At Fort Campbell, Kentucky, a Black Hawk helicopter took its first autonomous flight without a pilot or passengers on board on Saturday.
The chopper was able to fly for 30 minutes on Saturday and again on Monday, according to the Department of Defense's research division, the Defense Advanced Research Projects Agency, CNN reported.
The Black Hawk was a part of the Aircrew Labor In-Cockpit Automation System program being run by DARPA and is looking to put "removable kits" into already existing aircraft to make them autonomous.
This isn't the first advancement that ALIAS has made as the program has "leveraged the considerable advances in aircraft automation systems over the past 50 years."

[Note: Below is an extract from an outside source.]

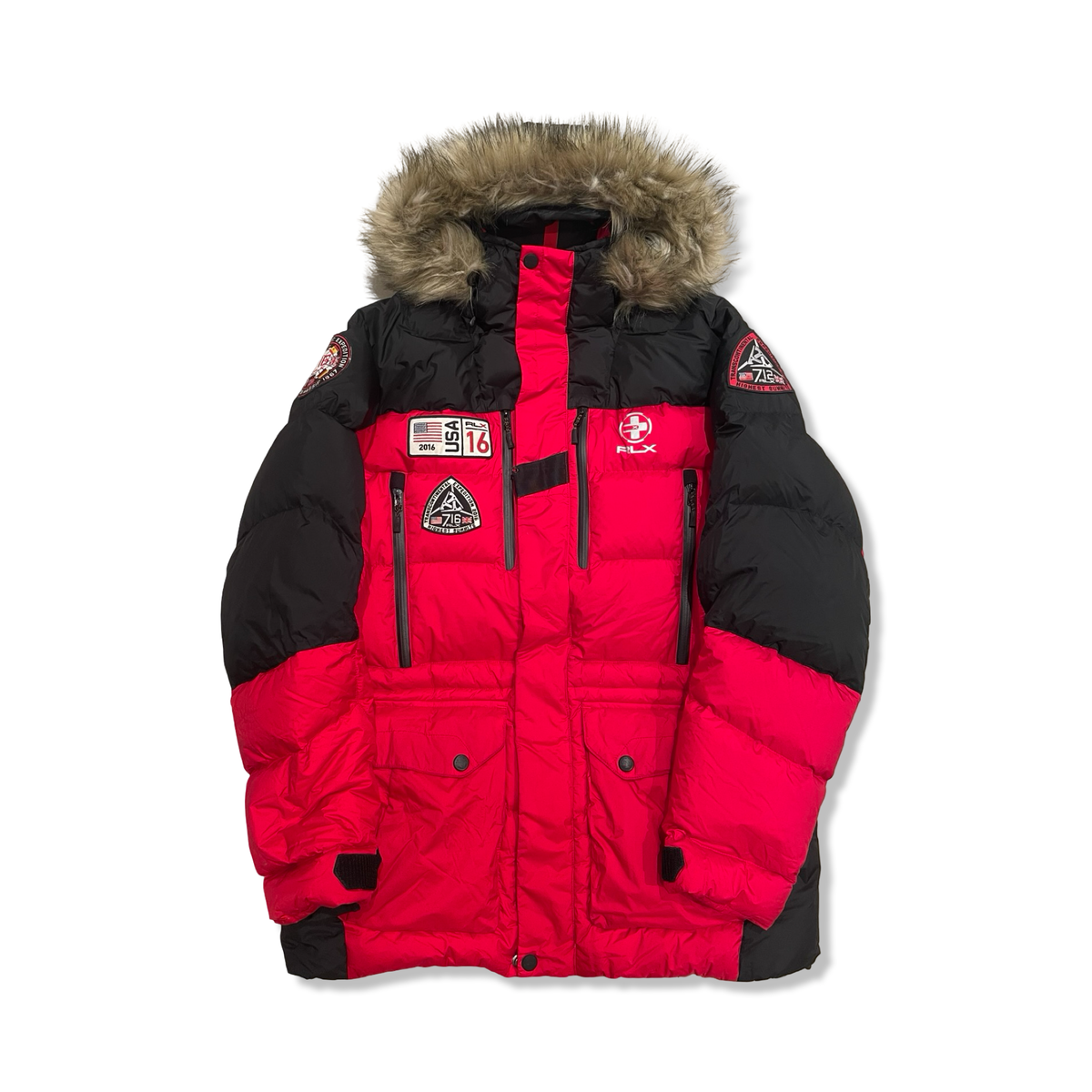Röd och svart parkas från Ralph Lauren RLX med pälskant på luvan och flera patchar, fotograferad framifrån mot vit bakgrund.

In the case of the Black Hawk used to fly on its own, autonomous technology called the Sikorsky MATRIX was installed to complete the test flights. Lockheed Martin is the company behind the technology used.
Stuart Young, the program manager in DARPA's Tactical Technology Office, said in a statement that this could allow for adjusting what pilots can do.
"With reduced workloads pilots can focus on mission management instead of the mechanics," Young said in a statement. "This unique combination of autonomy software and hardware will make flying both smarter and safer."
Young added that using autonomous helicopters will help Army pilots with their missions.
"With ALIAS, the Army will have much more operational flexibility," Young said in the statement. "This includes the ability to operate aircraft at all times of the day or night, with and without pilots, and in a variety of difficult conditions, such as contested, congested, and degraded visual environments."